Wednesday, October 12, 2005

It All Started with Vladimir Putin

I must be getting old. Whenever some controversy comes up, the first thing I want to say is, "I remember when . . ." and give some anecdote. Of course in the Lutheran layman's blog world, I am actually almost a geezer, so I can be excused, I hope. But even when I know it's something other bloggers have been around to experience it, I still want to say, "I remember when . . ."

What I want to remember this time is President Bush meeting Vladimir Putin and famously saying he looked into his heart and found a good man there. And for that reason we should trust him.

Since then the record has been at best mixed. Vladimir Putin has been fairly amenable to American foreign policy under President Bush. Domestically, he has effectively eliminated the open society of Boris Yeltsin, whatever its faults, and created a fine model of democratic forms and authoritarian substance. And he has continued to intimidate countries in the "near abroad."

If we had a similar sort of record on a Supreme Court nominee, would we be impressed?

You know where this is going: Harriet Miers. I am going to stipulate now that the record indicates that Harriet Miers is temperamentally and cultural conservative, yes, but not ideologically or doctrinally in any way a strict constructionist. A micro-manager and indecisive, my money is on her being another O'Connor, always starting off with conservative instincts, but at least half the time, and on all the big issues, going with the liberal consensus rather than risk being "extremist" and "divisive." (If you wonder where I get this stuff, well just go here and here, and scroll down.)

But even if that's true, there might be a silver lining in the long run.

Harriet Miers is, as everyone now knows, an "evangelical," that is a pietist, revivalist, low church, or non-denominational Christian, what have you. The media battle for and against her has been painted as polarized into ordinary joes (for) vs. elitists (against), evangelicals (for) vs. Catholics and seculars (against).

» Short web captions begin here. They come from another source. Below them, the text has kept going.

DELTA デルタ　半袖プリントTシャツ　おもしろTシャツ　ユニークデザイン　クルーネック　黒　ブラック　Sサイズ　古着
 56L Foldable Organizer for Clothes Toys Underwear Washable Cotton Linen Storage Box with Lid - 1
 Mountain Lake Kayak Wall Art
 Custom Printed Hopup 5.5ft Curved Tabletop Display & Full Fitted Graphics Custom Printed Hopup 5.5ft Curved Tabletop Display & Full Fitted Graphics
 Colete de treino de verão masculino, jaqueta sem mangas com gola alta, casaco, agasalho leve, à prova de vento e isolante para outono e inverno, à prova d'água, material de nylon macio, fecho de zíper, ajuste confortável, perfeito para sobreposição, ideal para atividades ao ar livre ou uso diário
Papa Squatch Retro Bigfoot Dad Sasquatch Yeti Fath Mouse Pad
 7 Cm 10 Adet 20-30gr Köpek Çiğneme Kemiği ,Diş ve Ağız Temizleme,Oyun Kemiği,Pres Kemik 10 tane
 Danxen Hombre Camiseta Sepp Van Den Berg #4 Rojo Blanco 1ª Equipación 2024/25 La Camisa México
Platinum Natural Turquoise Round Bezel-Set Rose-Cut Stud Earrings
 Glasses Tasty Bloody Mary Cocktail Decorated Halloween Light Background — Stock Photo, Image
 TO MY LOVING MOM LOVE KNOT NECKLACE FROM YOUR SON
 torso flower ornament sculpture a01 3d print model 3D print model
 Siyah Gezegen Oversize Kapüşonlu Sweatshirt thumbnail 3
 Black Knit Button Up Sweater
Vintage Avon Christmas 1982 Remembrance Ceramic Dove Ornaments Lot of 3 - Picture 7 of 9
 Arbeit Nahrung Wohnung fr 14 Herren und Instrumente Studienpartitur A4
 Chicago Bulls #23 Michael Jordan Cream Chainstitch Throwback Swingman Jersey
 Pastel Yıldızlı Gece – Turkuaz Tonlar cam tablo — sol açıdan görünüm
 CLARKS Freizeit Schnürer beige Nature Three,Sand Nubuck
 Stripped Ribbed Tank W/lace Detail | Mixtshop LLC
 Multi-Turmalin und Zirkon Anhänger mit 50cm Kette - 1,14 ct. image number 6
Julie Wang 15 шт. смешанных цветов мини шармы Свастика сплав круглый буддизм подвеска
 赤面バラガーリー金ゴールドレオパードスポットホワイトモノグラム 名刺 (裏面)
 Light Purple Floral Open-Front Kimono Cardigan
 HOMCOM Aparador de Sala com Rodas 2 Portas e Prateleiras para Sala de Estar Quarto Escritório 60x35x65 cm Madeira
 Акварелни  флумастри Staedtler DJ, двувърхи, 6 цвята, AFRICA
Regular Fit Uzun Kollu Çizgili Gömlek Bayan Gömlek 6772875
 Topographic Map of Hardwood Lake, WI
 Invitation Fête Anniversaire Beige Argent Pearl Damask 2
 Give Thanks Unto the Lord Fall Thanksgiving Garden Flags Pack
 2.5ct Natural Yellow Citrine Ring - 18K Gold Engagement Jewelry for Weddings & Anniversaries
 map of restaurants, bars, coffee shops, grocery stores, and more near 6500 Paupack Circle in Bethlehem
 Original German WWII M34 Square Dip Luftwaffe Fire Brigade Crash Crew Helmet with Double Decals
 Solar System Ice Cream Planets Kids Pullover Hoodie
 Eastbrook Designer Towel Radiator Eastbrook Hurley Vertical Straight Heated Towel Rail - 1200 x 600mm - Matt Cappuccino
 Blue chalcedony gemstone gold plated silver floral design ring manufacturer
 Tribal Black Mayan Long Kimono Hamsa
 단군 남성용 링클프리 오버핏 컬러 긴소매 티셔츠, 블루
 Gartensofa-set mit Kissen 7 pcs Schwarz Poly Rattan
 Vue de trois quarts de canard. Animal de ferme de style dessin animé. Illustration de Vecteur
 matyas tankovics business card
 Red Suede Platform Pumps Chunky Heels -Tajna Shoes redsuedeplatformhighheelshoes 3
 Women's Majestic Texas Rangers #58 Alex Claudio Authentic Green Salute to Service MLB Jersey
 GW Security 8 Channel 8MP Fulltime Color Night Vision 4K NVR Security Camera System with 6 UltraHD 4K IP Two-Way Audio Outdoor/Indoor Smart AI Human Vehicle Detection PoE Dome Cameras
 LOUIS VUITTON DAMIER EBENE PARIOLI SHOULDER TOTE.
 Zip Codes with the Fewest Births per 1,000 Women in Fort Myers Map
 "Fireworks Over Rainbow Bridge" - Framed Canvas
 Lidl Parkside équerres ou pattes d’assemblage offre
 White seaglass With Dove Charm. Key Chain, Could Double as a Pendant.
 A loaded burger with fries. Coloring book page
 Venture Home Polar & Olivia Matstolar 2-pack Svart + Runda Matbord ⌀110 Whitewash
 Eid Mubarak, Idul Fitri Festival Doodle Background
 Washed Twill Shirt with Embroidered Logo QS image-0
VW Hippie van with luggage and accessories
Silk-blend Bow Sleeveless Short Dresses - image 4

Maybe the issue is looking into hearts (something the president does a lot) vs. looking at the record and the facts. Many have suggested that the President really does know she's a conservative, as she is his good friend (for example here). I'm not so sure people really do know even their friends all that well. Maybe it's because many of my friends and colleagues are liberal, but I doubt that if I put my friends into high office, they would create policies I believe in. I think Bush may well have had the kind of reasoning described, but I am getting convinced that he has mistaken Harriet Miers' politico-legal thinking. He has mistaken her personal admiration for him, a battle-tested conservative (more or less), for real, battle-tested conservative convictions. The two are not the same, unfortunately.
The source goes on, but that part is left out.